On OSS we make a point of having new people introduce themselves, preferably with many pics of (relevant) bikes, new and old. If you do it like this;

“If my gsxr were to be a human, it would rule the skatepark, scare children, snort all the drugs, start fights and go after the girls like its life depended on it. It does not care what anyone thinks and does precisely what it wants to do, be a tatty 1200 euro bike in a 90s tracksuits, with the results of my very concerning e-shopping addiction, badly bolted to its flanks”

you have my attention..

I met Cunnerz for the first time not even a year ago, I think. A Brit building a Slingshot pretty much round the corner from me and us not knowing eachother; downright weird. First time we (Jelly and myself) went to visit, we dropped off the purple people-eater ET Cunnerz bought off Jelly and promptly we went onto what could be called an “enthusiastic” run for Cunnerz to get to grips with the mighty 816cc of aircooled goodness we just unloaded on him.

We were told to “keep up” and got thrown the keys to his 400bhp v8 car. We had been there for all of 10 minutes, I’d never met the man before; this was gonna be fun… Back from the shakedown, we were brought up to speed about his soon to be finished slingshot; a bare frame sat on the floor of the shed, just back from the people that were supposed to just de-anodise it, and then had gone to blast the whole thing.

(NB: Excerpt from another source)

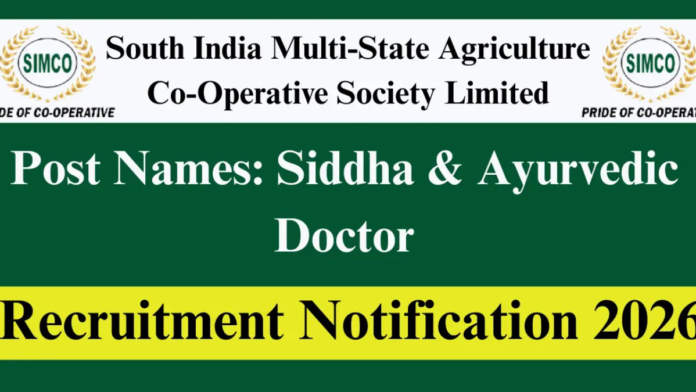 🩺 SIMCO Vellore Recruitment 2026 – 48 Doctor வேலைவாய்ப்பு! Siddha, Ayurvedic, Homoeopathy Posts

Now, I’ve met many people that had been very keen to get busy with a project and have their deadlines set with no wiggleroom; I personally always take this with a pinch of salt. In my few years, I’ve seen it all and probably bought more half-built projects than some of you will own bikes, because the builders involved lost interest when the enthusiasm wore off and time/money was needed elsewhere, leaving bikes to gather dust in corners, half built, waiting for someone like me to come and rescue them (on the cheap).

I’ve probably grown into the OSS-equivalent of a grumpy old man and honestly, I need to see it to believe it, so when Cunnerz told me he’d have it finished in a matter of months, ready for a trackday, that is exactly what I thought.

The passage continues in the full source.